The comments continue with very challenging real life concerns. So I’ll use my Friday space to address the two latest questions in the “Broken Bones and Broken Hearts” thread.
The first relates to a relative who has broken vertebrae due to osteoporosis and presumably is at risk for falls, who is now distressed by the “lap strap” that is used to prevent her standing on her own. There are no doubt many factors at play here. But number one is–the lap strap has to go. Let me explain:
The lap strap is a restraint and it hampers her ability to move or feel free, thus increasing her level of distress. It will ultimately make her weaker, through immobilization and atrophy and more likely to fall when she does stand. It will also increase discomfort and stiffness, and elevate the risk of other problems (leg edema, constipation, pressure sores, etc).
Try this exercise: Put yourself in the lap strap for one hour. Not 45 minutes, not 55. No fudging. Gotta go to the bathroom? Sorry. Can’t quite reach that pad and pencil across the table? Too bad. The chair you though was comfy starts to be very unyielding when you can’t shift you weight. Your butt becomes uncomfortable and your knees stiffen. Then imagine you are confused and when your caregiver walks out of sight, how trapped you might feel. Now imagine wearing it for hours on end.

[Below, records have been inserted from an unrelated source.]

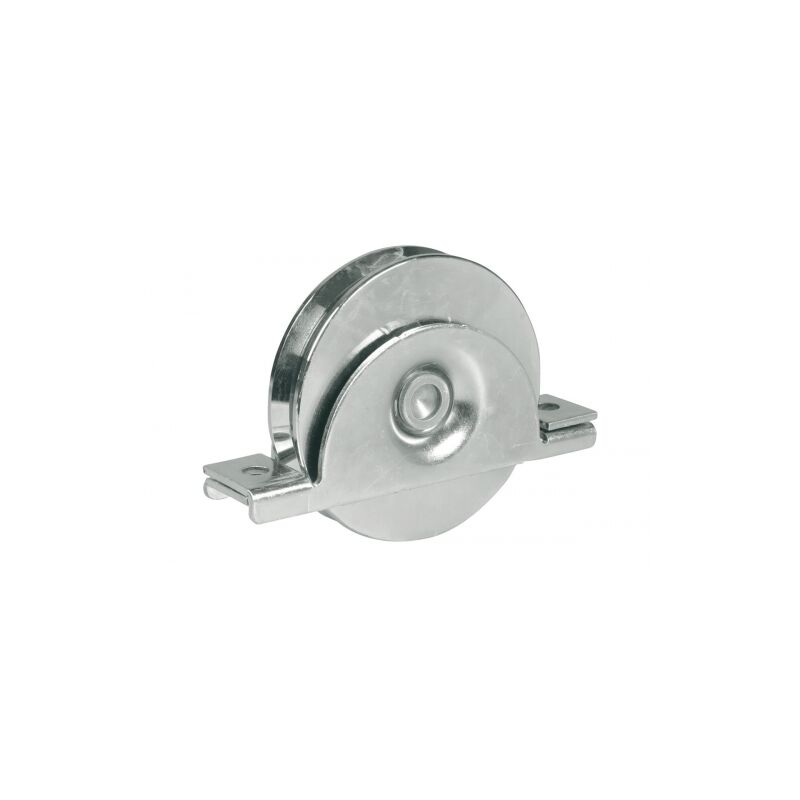 foto del prodotto ruote doppio cuscinetto c supporto gola u 392a 1 mm.140 ibfm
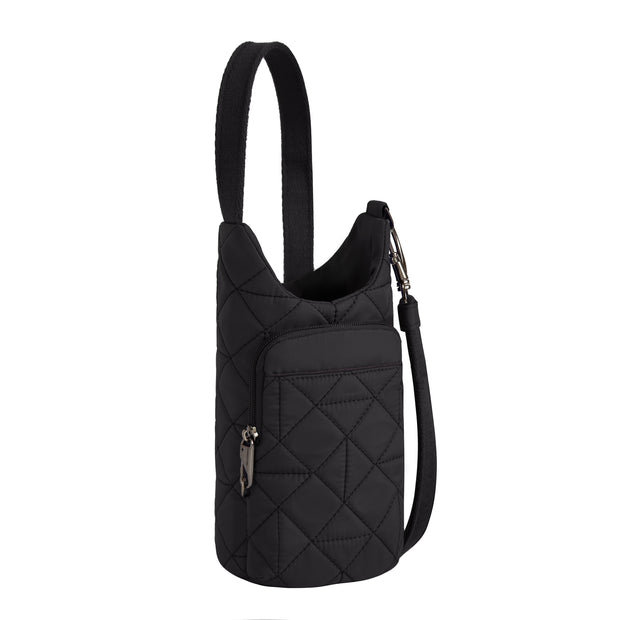 variant:42874894450880 Travelon Boho Anti-Theft Insulated Water Bottle Tote Black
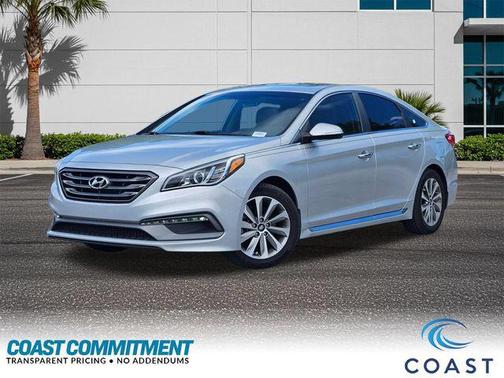 Silver 2017 Hyundai SONATA Sport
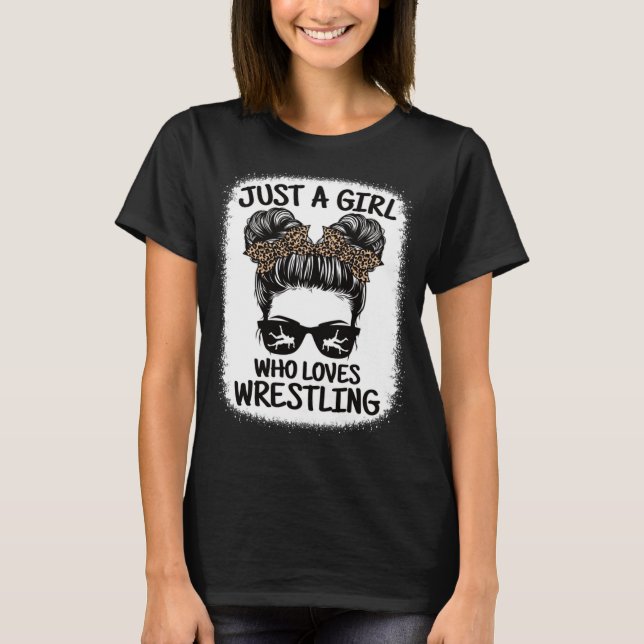T-shirt Juste Une Fille Qui Aime Lutter Drôle Lutter Amour (Devant)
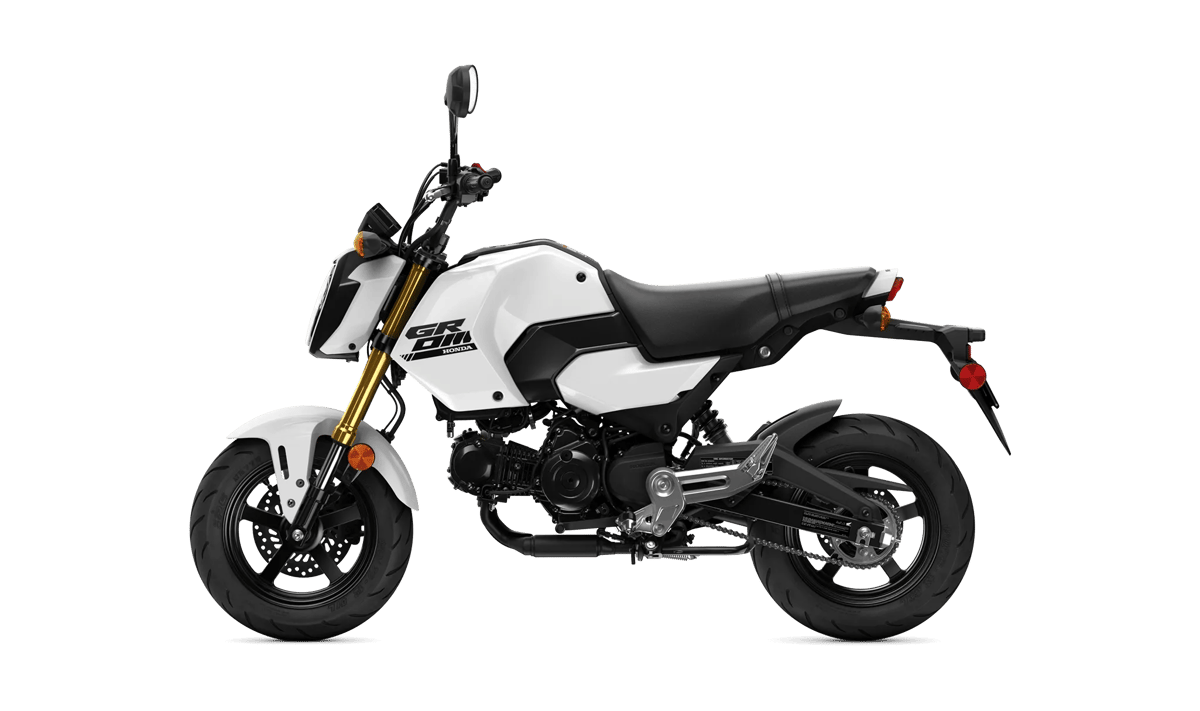2026 Honda Grom ABS in Pearl White — gallery view
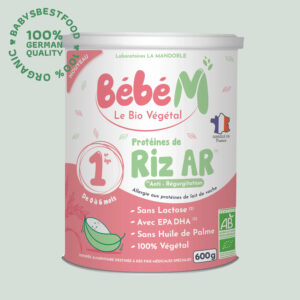 Bébé M Vegane Bio-Anfangsnahrung 1 - Anti Reflux auf Reisbasis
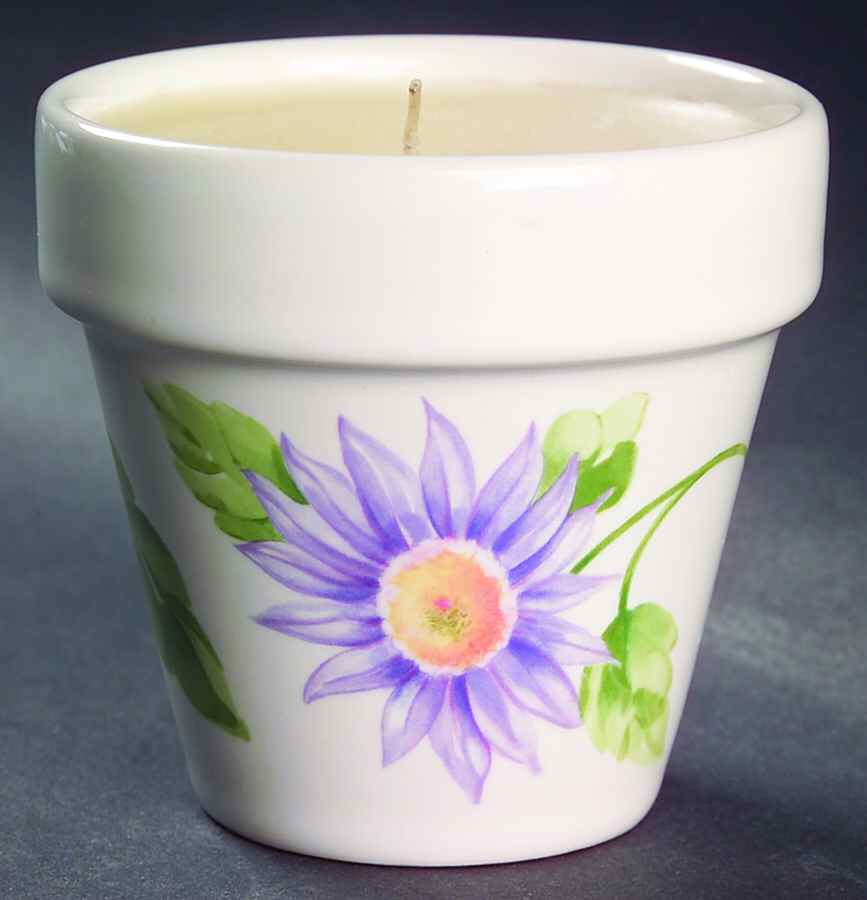 Dahlia Votive Flower Pot by Pfaltzgraff-1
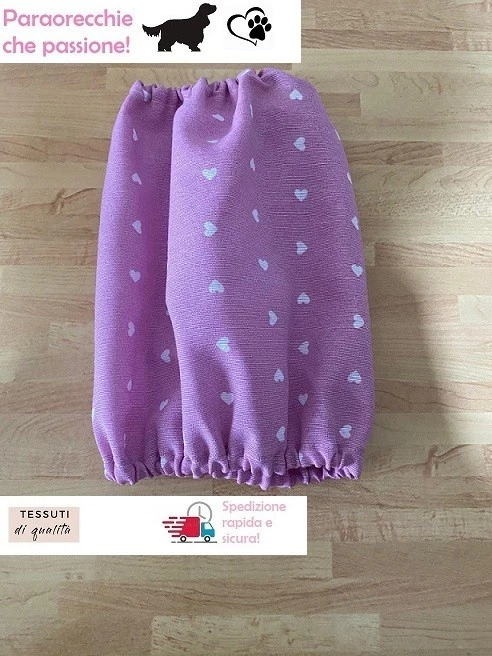 PARAORECCHIE COPRI ORECCHIE CUFFIETTE CUFFIA PER COCKER CAVALIER KING COTONE  - Immagine 1 di 1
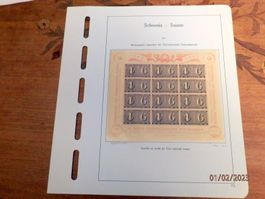 Block, Zst.Nr.W16, Luxusblatt, postfrisch ( ** ) Fr. 130.00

Restraints don’t work, but they are necessitated when care partners become overwhelmed by the challenge and cannot find another safe solution. Unfortunately, the next step is usually to medicate the distress caused by the restraint. It’s like hitting someone on the head repeatedly and giving them Tylenol for the pain.
The reality is that if a care environment is stressed to the point that restraints and sedation are the best options, then it may well be an indication that this is no longer the best care for the individual. Because of their fear of nursing homes (not totally unfounded, I might add), people cling to home-based care to the point where it becomes a more detrimental situation. When a person needs to be restrained at home (if this is the case here), then a good-quality nursing home is a better situation for all concerned.
The second writer expresses the very common feelings of (1) grief at the loss of communion with a loved one whose cognition has changed, and (2) fear that the same might happen to him. He shares the very common feeling that he would rather be “put to sleep” than experience the illness. Many people do just that–commit suicide when they learn of their dementia.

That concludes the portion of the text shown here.